A unique and often frustrating aspect of English-speaking anime fandom is the fact that, for all the reams of paper written about Japanese animation in English, it’s only a fraction of the amount of information available in Japanese. When fans try to learn about the behind-the-scenes production of their favorite series, it’s like trying to map out a house by looking through a keyhole. Of course, this is why so many famous creators and studios spawn pervasive (and often flat-out inaccurate) fandom myths. When an English speaker works at an anime studio and emerges to tell their story, we’re able to crack open the door just a little bit and dispel these myths once and for all. Sharing a House with the Never-Ending Man by Steve Alpert opens the door of anime’s most famous studio and a common subject of these myths: Studio Ghibli.
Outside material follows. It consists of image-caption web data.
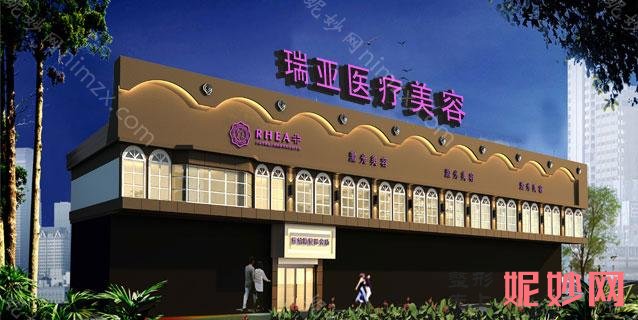 2022焦点来袭#温州排名前3位的整形美容医院都有哪些？杨氏鼻、温州东方医院、温州医学院附属眼视光医院等进前三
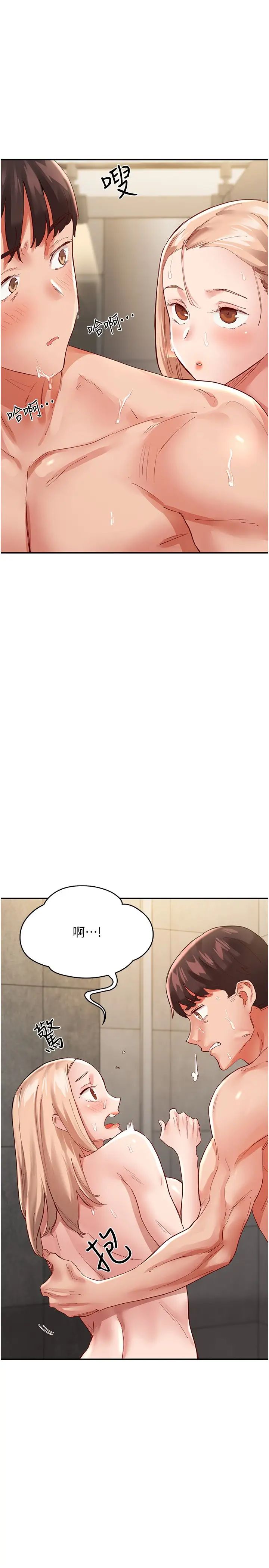 波涛汹涌的同居生活第34话-竣硕，你忘记我瞭吗?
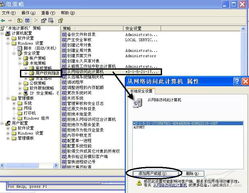局域网访问故障解决方案 1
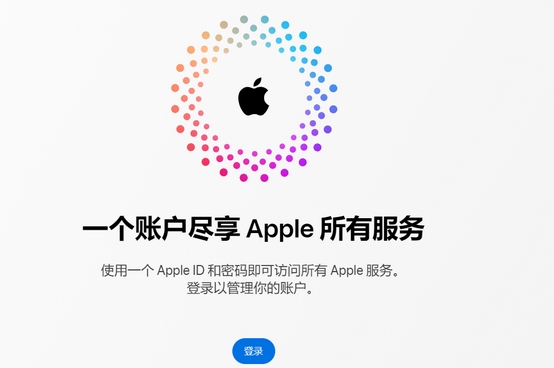 行唐iPhone维修中心分享iPhone下载应用时重复提示输入账户密码怎么办 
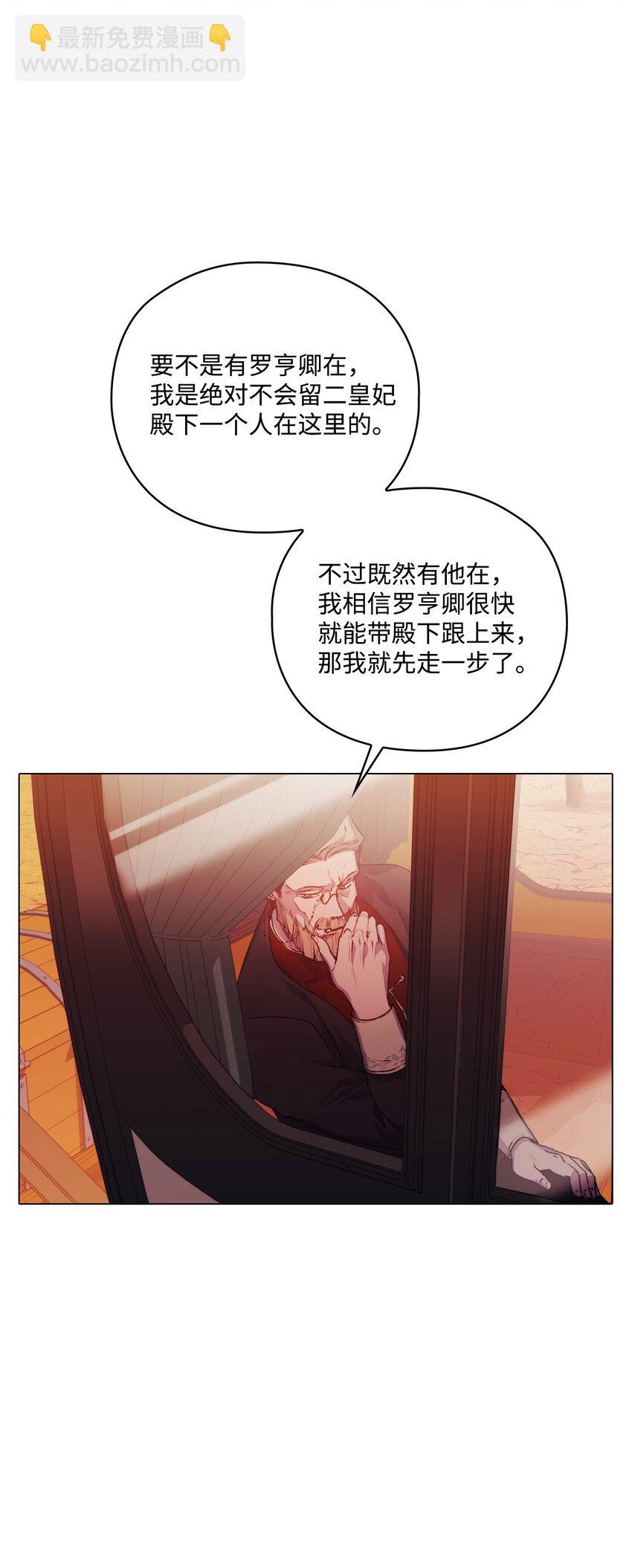 44 煽动(1/2)-第45话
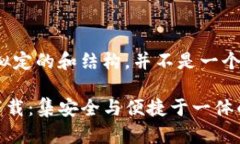 请注意：以下是一个拟定的和结构，并不是一个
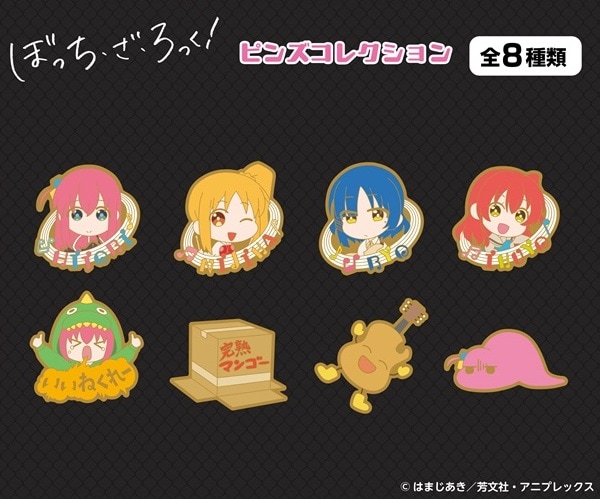 アニメ「ぼっち・ざ・ろっく！」ピンズコレクション（96個入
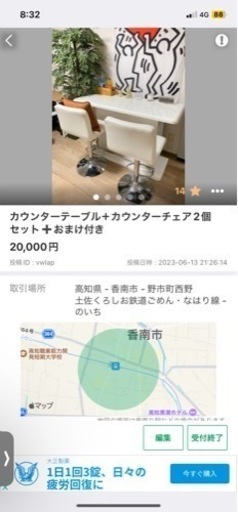 カウンターテーブル＋カウンターチェア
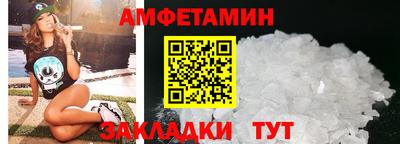 MDMA Premium VHQ Аргун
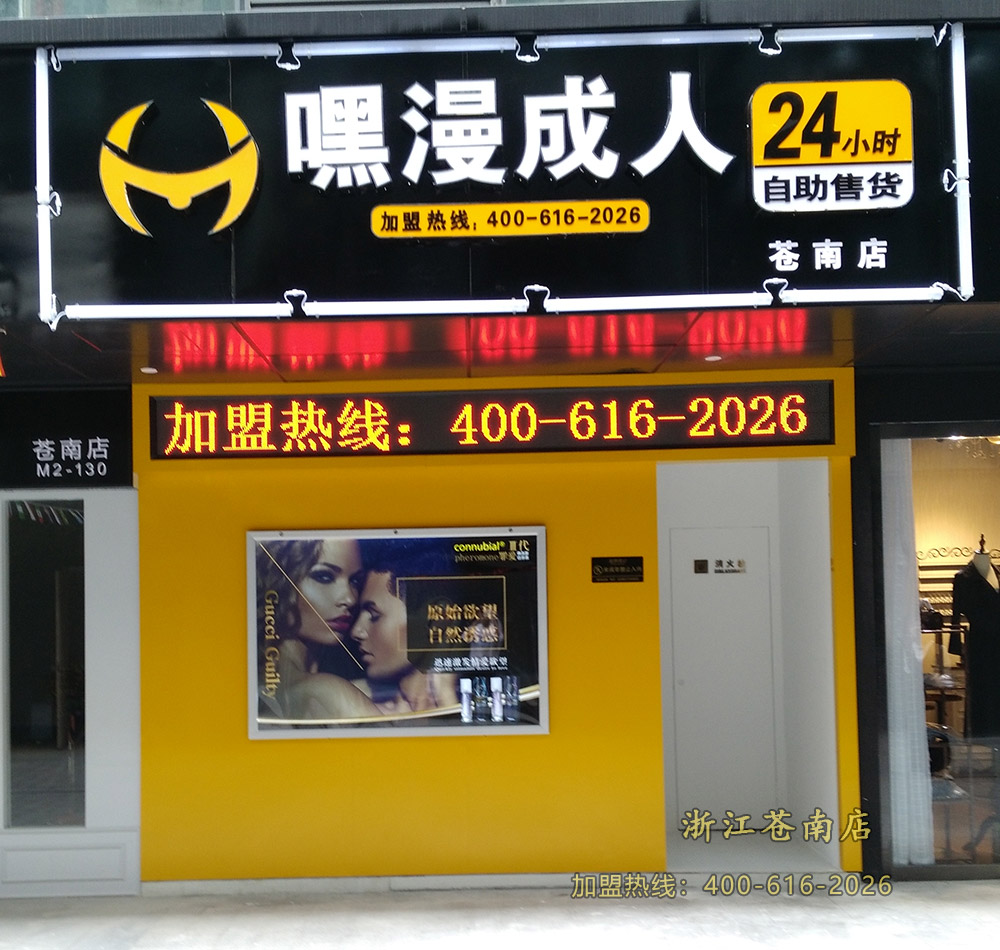 成人用品自动售货机运营四步骤是你多赚钱的关键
In an ironic twist, despite being written by an American, the book was originally published in Japanese before getting translated into this new English edition from Stone Bridge Press. The book is a wide-ranging account of Alpert’s 15 years as the head of international licensing at Studio Ghibli, where he worked alongside studio founders Hayao Miyazaki and Isao Takahata as well as executives like Ghibli President Toshio Suzuki and the head of Ghibli’s then-parent company Tokuma Shoten, Yasuyoshi Tokuma. Miyazaki is the name that sells books so he gets top billing as the titular “Never-Ending Man,” but the real stars here are Suzuki and Tokuma.
That’s right, this is a book about business meetings. Much of it takes place in meeting rooms or at fancy business dinners, with Alpert sandwiched between impatient American executives and the folks on the Japanese side: Suzuki, the shrewd negotiator, and Tokuma, the blustery power broker. Miyazaki makes occasional appearances in which Alpert does his best to sketch out his personality and process, but there’s a disappointing lack of the kinds of details on his creative process that most Ghibli fans will want from this kind of book. Instead, much of the book centers around Alpert‘s day-to-day observations on differences between American and Japanese social and business culture. Sometimes it can be pretty interesting stuff, but at other times it verges on minutiae.
Thankfully the book does shed some light on some popular legends about Studio Ghibli. Among other anecdotes, we get the full story of the famous samurai sword presented to Miramax executives with the message “NO CUTS.” Alpert lays out the behind-the-scenes discussions that led to Miyazaki skipping the Oscars for his Spirited Away win (Alpert gave the speech). A full chapter is dedicated to the turbulent production of Princess Mononoke’s English dub. Oddly, despite a one-line reference partway through the book and a relevant image on the cover, Alpert never recounts how he ended up as the voice actor for Kastrup in The Wind Rises (he made up for this with a 10-paragraph answer in his Anime News Network interview).
The prose is hardly the most exciting stuff (understandable considering the subject matter), but Alpert tries valiantly to add a bit of humor to spice things up. Unfortunately, it comes off as creepy in some cases; in one story, he repeatedly remarks on how distracted he was by a 16-year-old starlet sitting next to him at an awards ceremony.
Multiple neutral-to-positive references to John Lasseter from Pixar and Harvey Weinstein, who distributed Ghibli films through Miramax, don’t help matters. This book was written before #MeToo and its English edition was likely completed before Weinstein’s rape conviction, but while Alpert is not defending Weinstein, the two-sentence hand-wave of his “Me Too troubles” is odd. Surely Alpert could have added a more full-throated condemnation of Weinstein and some acknowledgment of Lasseter’s sexual misconduct to the English edition, considering Ghibli’s close ties to both men.
Sharing a House with the Never-Ending Man is an uneven and sometimes very dry book that seems caught between a few goals and target audiences: its original Japanese readers, its new English ones, international businesspeople, and anime fans. Is this a book I’d recommend to the average anime fan or even the average Ghibli fan? No. But I’m glad it’s available in English, if only because it offers us a new English-language primary source that opens the door into the Japanese anime industry a little more.